The jury also concluded that the following factors possibly contributed to Kimberley’s death:

  • The decision to reduce the level of observations on Kimberley Smith from every 15 minutes to hourly on 12 October 2018;
  • A failure by the staff on duty on the Abraham Cowley Unit on 13 October 2018 to make fellow patients aware that Kimberley Smith had not returned to the ward since the previous day;
  • The information available and provided to the police by the Abraham Cowley Unit nursing staff when she was reported missing at 12.10am on 13 October 2018, including the lack of a completed Missing Persons Pack, was inadequate;
  • The recording of the information on Surrey Police’s ICAD that was obtained during a phone call from Surrey Police at 1am on 13 October 2018 with a witness, was inadequate; and
  • The absence of any warning markers on the Police National Computer or the Surrey Police NICHE System with regards to the three recent incidents which had resulted in Kimberley Smith being detained by the police under s.136 of the Mental Health Act.

The majority of the jury concluded that Kimberley’s death was caused by neglect – that is, gross failures to provide her with basic care.

The Assistant Coroner for Surrey, Anna Crawford, indicated that she would be writing a Prevention on Future Deaths report in relation to her ongoing concerns around leave being granted to patients at the ACU, and the Trust’s policies for reporting missing patients to the police.

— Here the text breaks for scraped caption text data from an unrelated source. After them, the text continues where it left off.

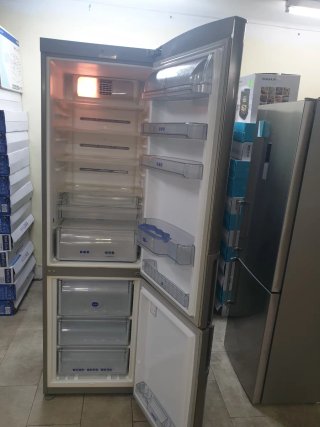 Nevera Whirlpool 205×60cm garantía y transporte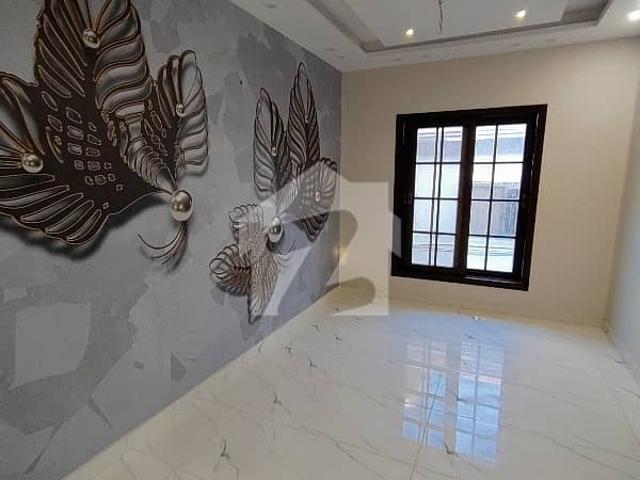 Fully renovated 3 bed dd 2nd floor west open boundary wall car parking 24 hours water gas electricity nearby hasan square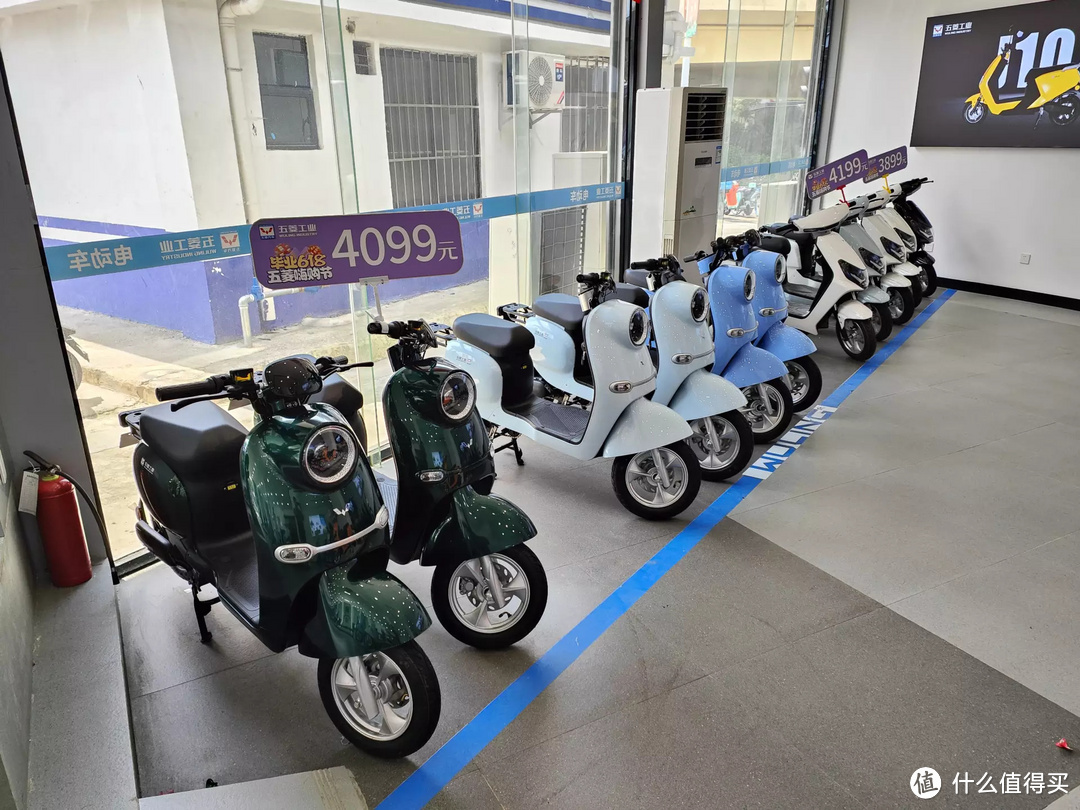 五菱电动汽车测评怎么样,五菱新能源电动汽车评测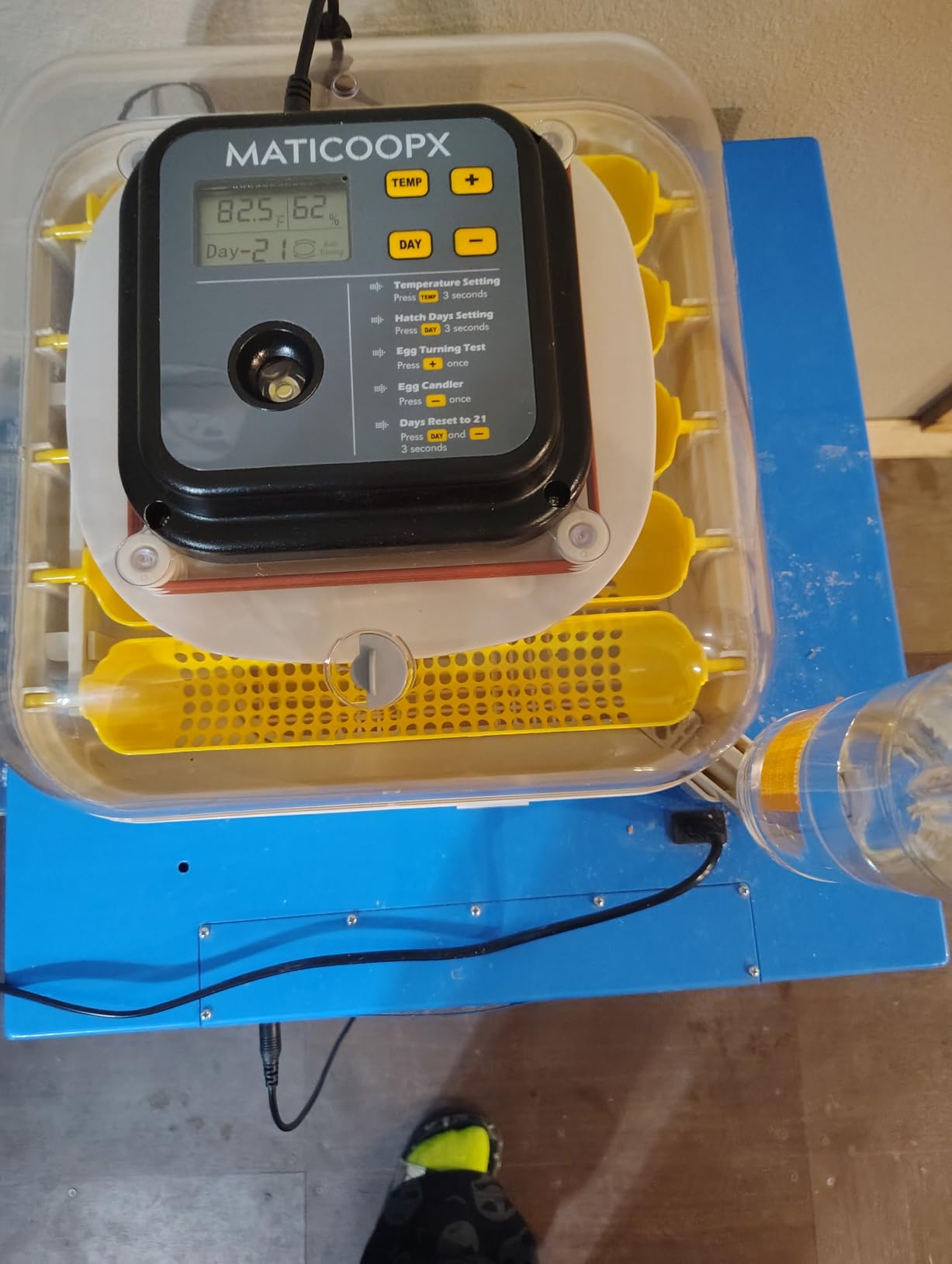 MATICOOPX 30 Egg Incubator with Humidity Display, Egg Candler, Automatic Egg Turner, for Hatching Chickens customer photo 2
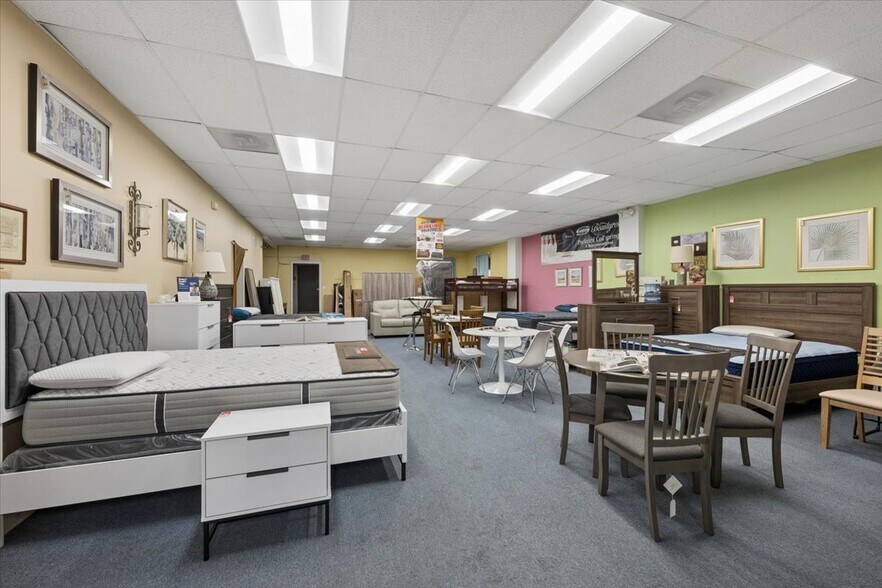 More Photos Of 7045 W North Ave, Oak Park Storefront For Sale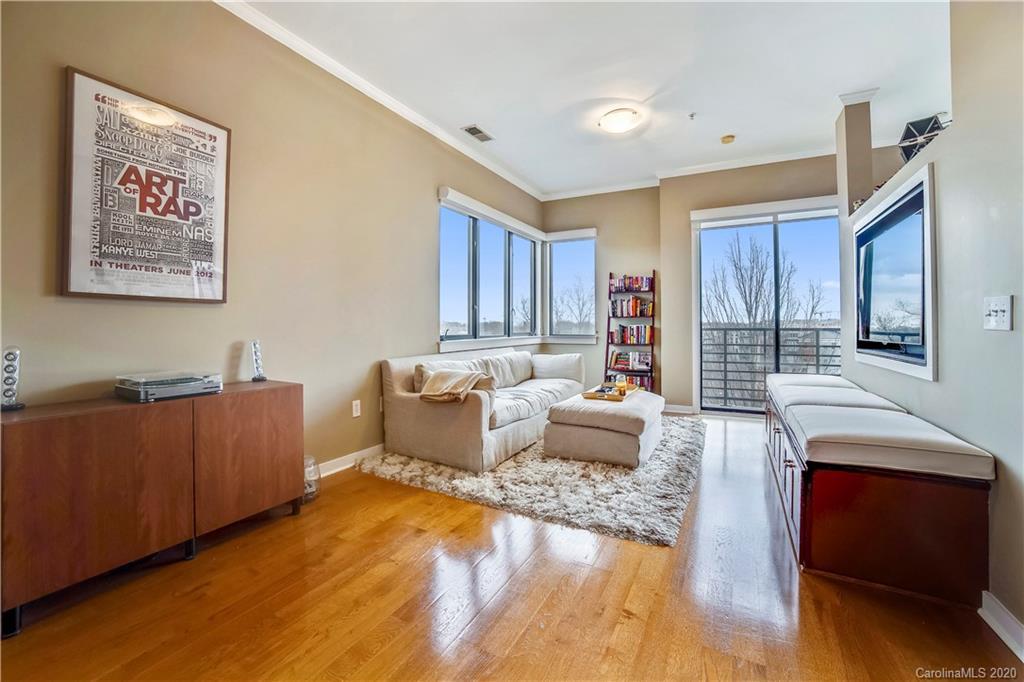 525 E 6th St. #415, Charlotte, NC 28202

The Mental Health Strategic Lead for Surrey Police, Lee Sawkins, described it as “concerning” that no suicide warning markers had been placed on the Police National Computer for Kimberley Smith, given her recent history of involvement with the police and the risks she presented. The Surrey Police suicide prevention force advisor is currently developing a system whereby the force can record risk relating to attempt suicide on local and national police systems.

David Smith, Kimberley’s father, said:

“We knew in the weeks leading up to Kimberley's death that there were increasingly serious issues with Kimberley’s care. We tried to raise these concerns to the best of our ability at the time. On 3 October 2018 we watched our daughter leave for the ACU believing that she would be in a place of safety, optimistic and hopeful for her care and well-being. Ten days later Kimberley took her own life.

We are shocked and angered by the evidence that we heard at Kimberley’s inquest, and feel so desperately saddened and upset that Kimberley, at a time of crisis and need, was placed in this environment and that more urgent action was not taken to keep her safe. The jury’s Neglect conclusion only exacerbates our pain and deep sense of loss. It brings little sense of closure around the tragic circumstances and untimely death of our beautiful daughter, particularly in the knowledge that the concerns we voiced at the time were in fact justified, but were inadequately acted upon – and that Kimberley’s death could and should have been prevented. We miss you Kimberley more than you will ever know, you are forever in our hearts and thoughts.”

Elaine Macdonald of Tuckers Solicitors said: 

“The evidence heard during this inquest highlighted a litany of shocking failures in the care provided to Kimberley at the ACU, including a lack of coherent information being shared between the Trust and Surrey Police at critical times while Kimberley was missing from the ward and should have been considered to be at high risk. Kimberley was badly let down, and lessons need to be learned.”

Deborah Coles, Director of INQUEST, said: 

“Kimberley’s experiences, and the ways in which she has been seriously failed and neglected, are reflective of significant issues across the country. There are widespread shortcomings in mental health services providing care for young women, particularly those with multiple diagnoses which are seen as complex, such as personality or eating disorders. In this unit itself, five years ago a coroner warned the Trust that they needed to address the monitoring of those leaving the building, after another patient absconded and died. This recommendation was made to prevent future deaths, but clearly not enough has changed. Locally, SaBP must do more to address their continued failings, and nationally the system must change to ensure potentially lifesaving recommendations are enacted and sustained.”